Olfactory neuroblastoma, or esthesioneuroblastoma (ENB), is an uncommon malignant tumor of neural crest origin, arising from the olfactory epithelium of the superior nasal cavity. It accounts for ∼ 2 to 6% of the intranasal tumors, with an incidence of ∼ 0.4 per million.[1] [2] [3] The age at presentation is bimodal in distribution in the second and sixth decades of life and without a gender predilection.[4] [5]


#

Staging

The stage of the disease at the initial presentation is highly predictive of survival, and accurate staging is essential. The Kadish system is the most commonly used approach to classify the anatomical extent of ENB, although other classifications have been proposed.[6] [7] [8] [9] The Kadish staging uses three categories, group A, B, and C, as follows: A, tumor confined to the nasal cavity; B, tumor extends into the paranasal sinuses; and C, tumor extends beyond the nasal cavity and paranasal sinuses including involvement of the cribriform plate, skull base, orbit, or intracranial cavity.
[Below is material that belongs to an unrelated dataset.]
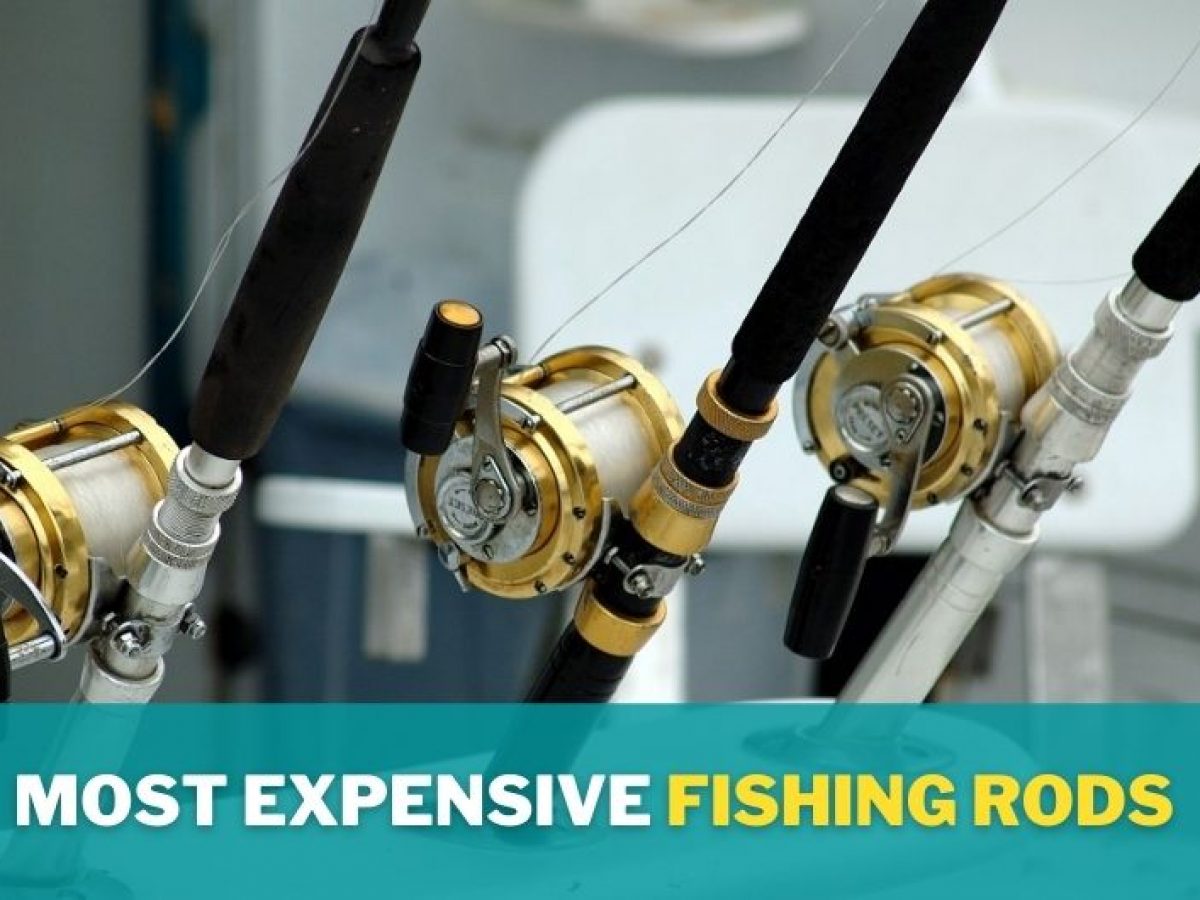 most expensive fishing reels in the world Today's Deals - OFF 61%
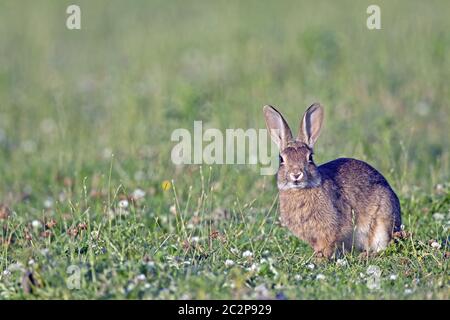 Europäisches Kaninchen-Kit auf einer Wiese Stockfoto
The modified Kadish staging system includes a fourth stage for patients with nodal or distant metastases.[10] This system has been criticized because it requires surgical staging, does not routinely consider metastatic spread, and lacks prognostic value. Additionally, few patients at initial clinical discovery have group A disease if the staging is strictly applied because of a high incidence of ethmoid sinus involvement. Simon et al did not find a single patient in their 20-year experience that presented with stage A disease.[5] Similar observations have been reported in other series, and the overall incidence of Kadish A disease is estimated at 5%.[11] [12] [13] [14] Modern imaging makes a diagnosis of Kadish A disease less likely.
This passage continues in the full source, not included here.